- Olympic fencing
- Venue: Grand Palais strip
- Date: 4 August 2024
- Competitors: 24 from 8 nations
- Teams: 8

Medalists
- 1st place, gold medalist(s):  / Kyosuke Matsuyama Takahiro Shikine Kazuki Iimura Yudai Nagano / Japan
- 2nd place, silver medalist(s):  / Guillaume Bianchi Filippo Macchi Tommaso Marini Alessio Foconi / Italy
- 3rd place, bronze medalist(s):  / Maximilien Chastanet Maxime Pauty Enzo Lefort Julien Mertine / France

= Fencing at the 2024 Summer Olympics – Men's team foil =

International sporting competition

The men's team foil event at the 2024 Summer Olympics took place on 4 August 2024 at the Grand Palais strip. 24 fencers (eight teams of three) from eight nations competed.

==Background==
This will be the 24th appearance of the event. It was first held in 1904, but omitted in 1908 (when no foil medal events were held) and 1912 (when it was the only one of the six possible men's events not included). The men's team foil returned in 1920 and has been held at every Summer Olympics since 1920 except 2008 (during the time when team events were rotated off the schedule, with only two of the three weapons for each of the men's and women's categories).

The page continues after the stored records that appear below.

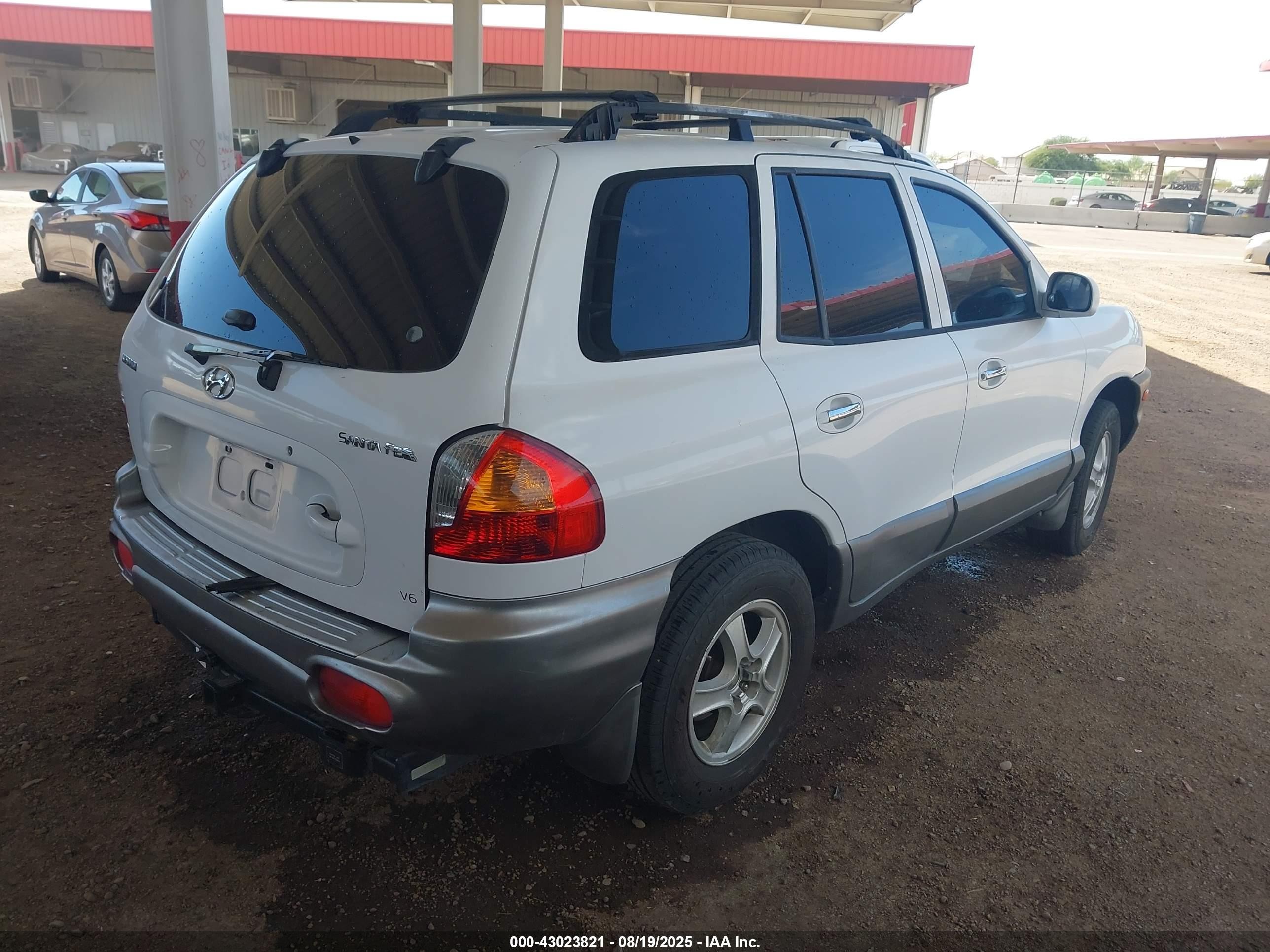 2001 Hyundai Santa Fe   White vin: KM8SC83D21U076418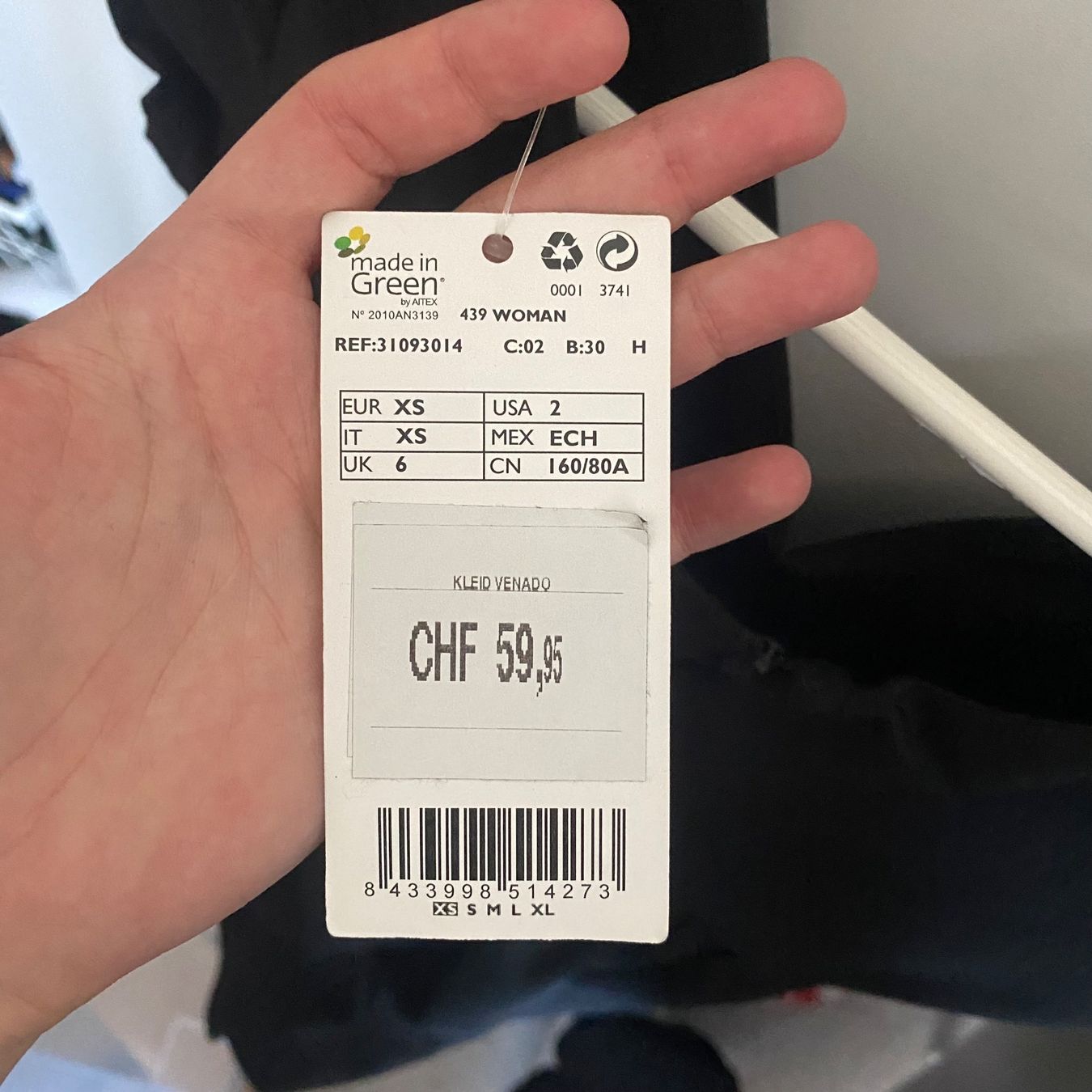 Mango Vestiti: Schwarzes Kleid von Mango – Nuovo e nell'imballaggio originale da Luzern venduto da champagnelaury 2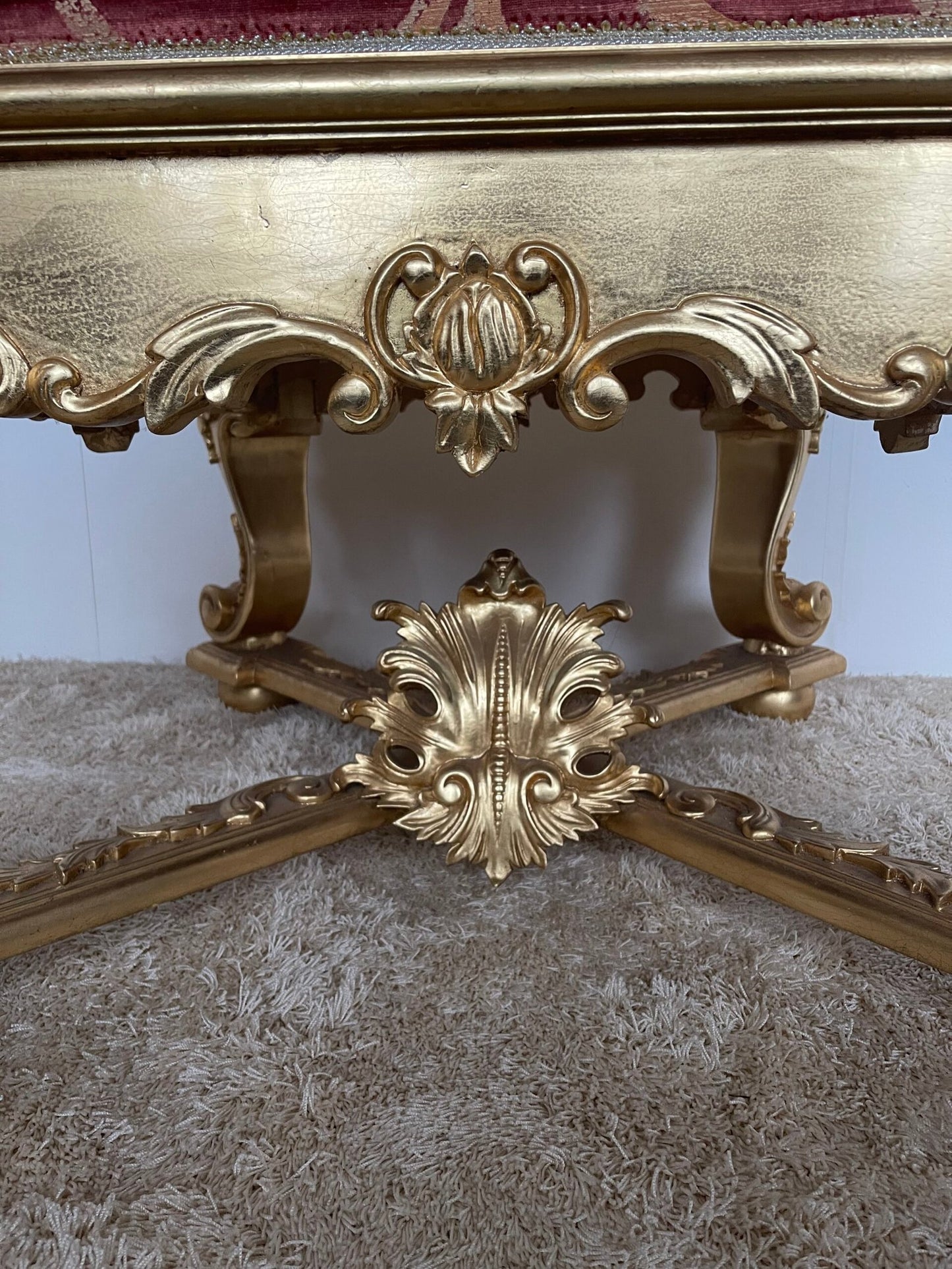 Trono dorato italiano in stile barocco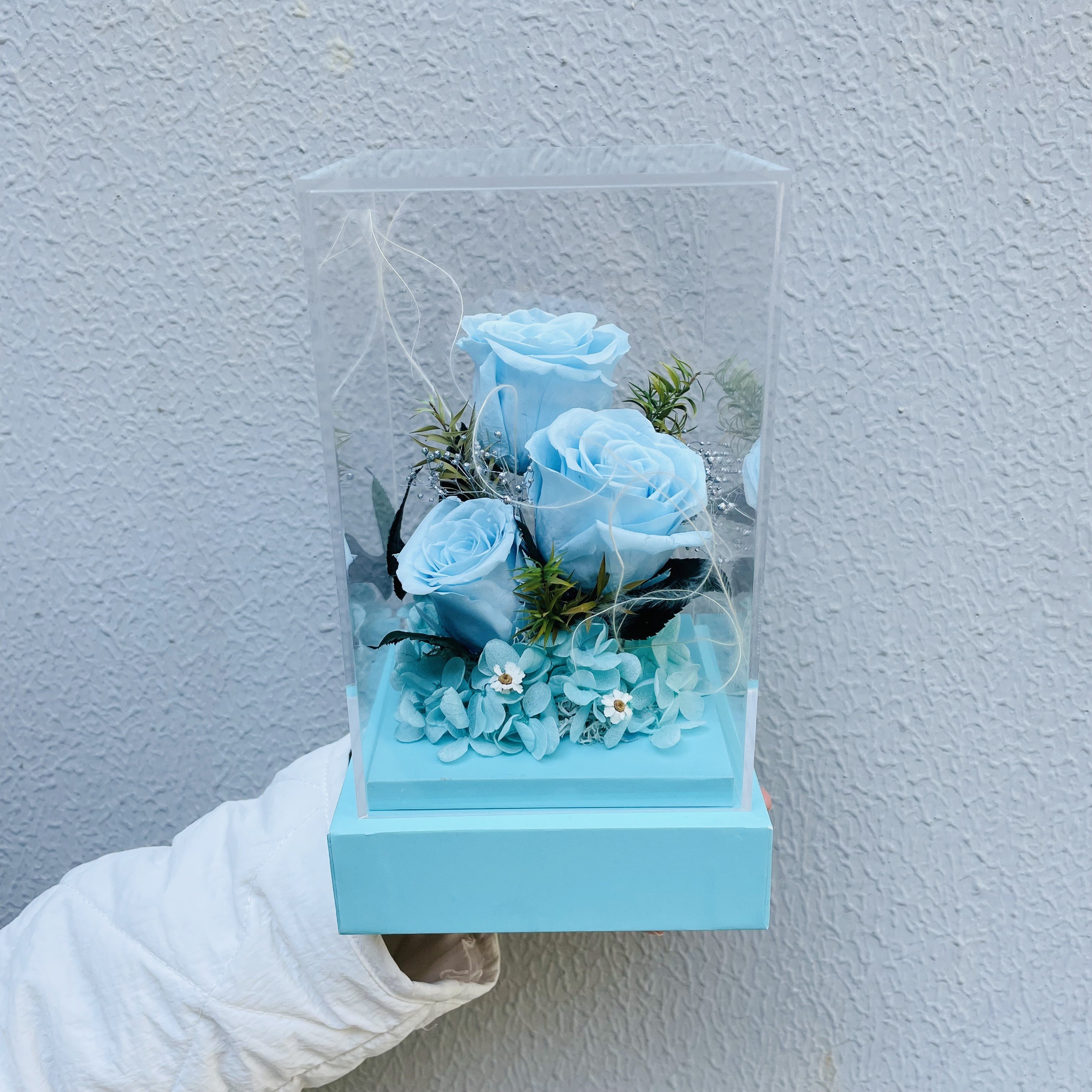 Luxury Valentine Day Gift Forever Flowers Preserved Roses In Acrylic Gift Box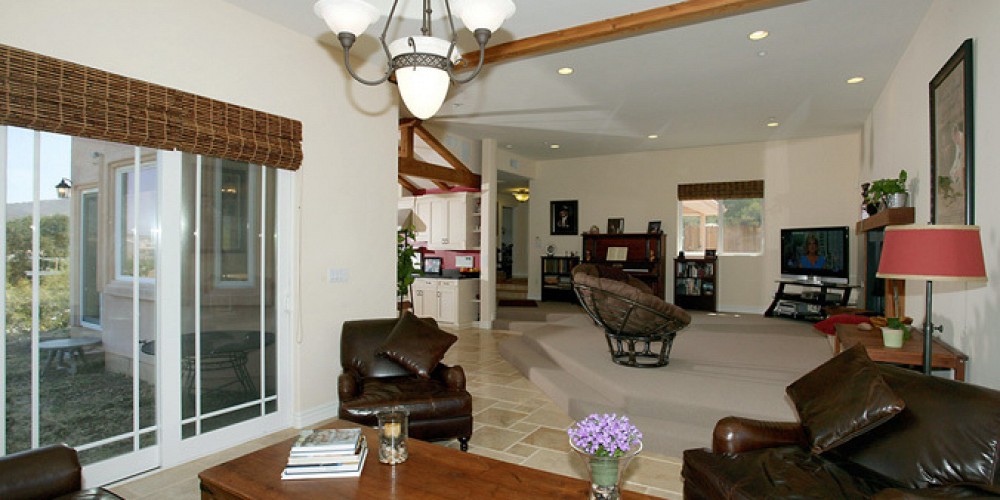 312 Manzanita Lane, Thousand Oaks, CA 91361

France (Erwann Le Péchoux, Enzo Lefort, Maxime Pauty and Julien Mertine) were defending champions, since Le Pechoux has retired, Maximilien Chastanet took Le Pecheaux's spot, but they lost to Japan in the semifinals.

==Qualification==

A National Olympic Committee (NOC) could enter a team of three fencers in the men's team foil. These fencers also automatically qualified for the individual event.

==Competition format==
The tournament was a single-elimination tournament, with classification matches for all places. Each match featured the three fencers on each team competing in a round-robin, with nine three-minute bouts to five points; the winning team was the one that reaches 45 total points first or was leading after the end of the nine bouts.

==Schedule==
The competition was held over a single day.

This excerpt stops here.